What you should do: The result should be every line in the data below that carries the string "with".

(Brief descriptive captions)
>>>

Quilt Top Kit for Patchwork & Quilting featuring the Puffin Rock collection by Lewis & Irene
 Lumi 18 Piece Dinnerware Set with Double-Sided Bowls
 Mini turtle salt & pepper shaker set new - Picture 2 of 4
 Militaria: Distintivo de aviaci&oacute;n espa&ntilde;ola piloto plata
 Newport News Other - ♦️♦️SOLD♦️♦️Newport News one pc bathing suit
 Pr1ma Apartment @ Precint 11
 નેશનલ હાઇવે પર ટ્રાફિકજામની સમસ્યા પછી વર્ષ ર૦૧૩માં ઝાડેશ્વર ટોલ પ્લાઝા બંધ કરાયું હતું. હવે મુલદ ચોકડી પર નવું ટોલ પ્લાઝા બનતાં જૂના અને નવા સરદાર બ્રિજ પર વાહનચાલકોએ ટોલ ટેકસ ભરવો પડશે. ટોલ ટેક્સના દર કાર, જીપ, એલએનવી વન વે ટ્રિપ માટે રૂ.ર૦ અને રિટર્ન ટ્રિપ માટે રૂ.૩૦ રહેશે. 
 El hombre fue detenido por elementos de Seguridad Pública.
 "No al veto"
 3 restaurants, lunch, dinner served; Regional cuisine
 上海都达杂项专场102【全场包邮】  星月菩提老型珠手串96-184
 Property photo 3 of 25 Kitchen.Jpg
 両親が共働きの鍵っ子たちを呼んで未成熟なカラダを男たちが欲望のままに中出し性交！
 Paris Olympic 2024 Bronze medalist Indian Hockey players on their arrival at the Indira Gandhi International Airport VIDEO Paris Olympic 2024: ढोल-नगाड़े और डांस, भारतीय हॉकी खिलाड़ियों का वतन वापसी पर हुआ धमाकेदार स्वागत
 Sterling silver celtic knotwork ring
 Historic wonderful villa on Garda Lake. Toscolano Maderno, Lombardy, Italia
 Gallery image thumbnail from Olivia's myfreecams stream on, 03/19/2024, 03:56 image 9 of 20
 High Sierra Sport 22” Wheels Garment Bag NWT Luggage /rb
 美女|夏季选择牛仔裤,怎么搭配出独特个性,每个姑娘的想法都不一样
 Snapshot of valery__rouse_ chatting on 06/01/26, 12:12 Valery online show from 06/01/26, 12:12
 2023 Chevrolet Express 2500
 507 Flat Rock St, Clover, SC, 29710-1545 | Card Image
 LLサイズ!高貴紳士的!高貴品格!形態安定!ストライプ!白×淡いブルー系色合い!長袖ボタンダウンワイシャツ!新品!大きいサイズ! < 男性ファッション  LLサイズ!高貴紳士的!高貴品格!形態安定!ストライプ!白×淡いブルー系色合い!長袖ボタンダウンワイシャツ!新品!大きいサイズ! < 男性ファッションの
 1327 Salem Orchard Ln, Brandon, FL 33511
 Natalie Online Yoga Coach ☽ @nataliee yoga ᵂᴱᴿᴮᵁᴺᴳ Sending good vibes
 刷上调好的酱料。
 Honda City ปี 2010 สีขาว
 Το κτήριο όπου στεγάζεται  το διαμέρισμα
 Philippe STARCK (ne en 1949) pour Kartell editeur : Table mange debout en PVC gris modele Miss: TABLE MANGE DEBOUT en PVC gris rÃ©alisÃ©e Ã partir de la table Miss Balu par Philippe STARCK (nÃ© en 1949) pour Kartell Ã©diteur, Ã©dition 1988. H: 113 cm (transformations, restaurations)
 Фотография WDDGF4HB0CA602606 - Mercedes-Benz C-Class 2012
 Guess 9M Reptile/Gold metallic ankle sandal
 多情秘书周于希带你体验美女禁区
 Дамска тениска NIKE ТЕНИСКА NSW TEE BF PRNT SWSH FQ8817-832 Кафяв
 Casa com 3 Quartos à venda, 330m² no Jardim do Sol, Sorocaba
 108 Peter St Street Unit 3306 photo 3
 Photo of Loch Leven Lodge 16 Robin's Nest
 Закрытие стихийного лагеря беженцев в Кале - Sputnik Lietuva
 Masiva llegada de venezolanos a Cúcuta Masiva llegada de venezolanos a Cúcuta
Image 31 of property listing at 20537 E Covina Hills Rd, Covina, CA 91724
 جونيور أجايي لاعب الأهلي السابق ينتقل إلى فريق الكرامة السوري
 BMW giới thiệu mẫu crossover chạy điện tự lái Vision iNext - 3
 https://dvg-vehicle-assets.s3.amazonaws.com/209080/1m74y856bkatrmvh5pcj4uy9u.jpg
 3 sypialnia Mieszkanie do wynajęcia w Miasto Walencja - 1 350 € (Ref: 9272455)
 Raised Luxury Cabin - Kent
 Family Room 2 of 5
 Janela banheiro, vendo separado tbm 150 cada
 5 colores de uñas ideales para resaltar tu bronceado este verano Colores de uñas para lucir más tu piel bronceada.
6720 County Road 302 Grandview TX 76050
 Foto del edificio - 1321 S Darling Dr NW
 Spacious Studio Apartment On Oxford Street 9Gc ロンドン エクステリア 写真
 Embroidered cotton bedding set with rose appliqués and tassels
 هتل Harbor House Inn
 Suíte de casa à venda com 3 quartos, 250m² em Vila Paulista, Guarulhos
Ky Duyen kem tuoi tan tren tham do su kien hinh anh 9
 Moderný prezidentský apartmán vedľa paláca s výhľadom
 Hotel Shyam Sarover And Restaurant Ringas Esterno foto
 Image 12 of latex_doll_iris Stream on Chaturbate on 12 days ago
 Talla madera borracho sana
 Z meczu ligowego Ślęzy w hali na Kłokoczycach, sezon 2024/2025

<<<

Reply to the exercise:
 Lumi 18 Piece Dinnerware Set with Double-Sided Bowls
 Embroidered cotton bedding set with rose appliqués and tassels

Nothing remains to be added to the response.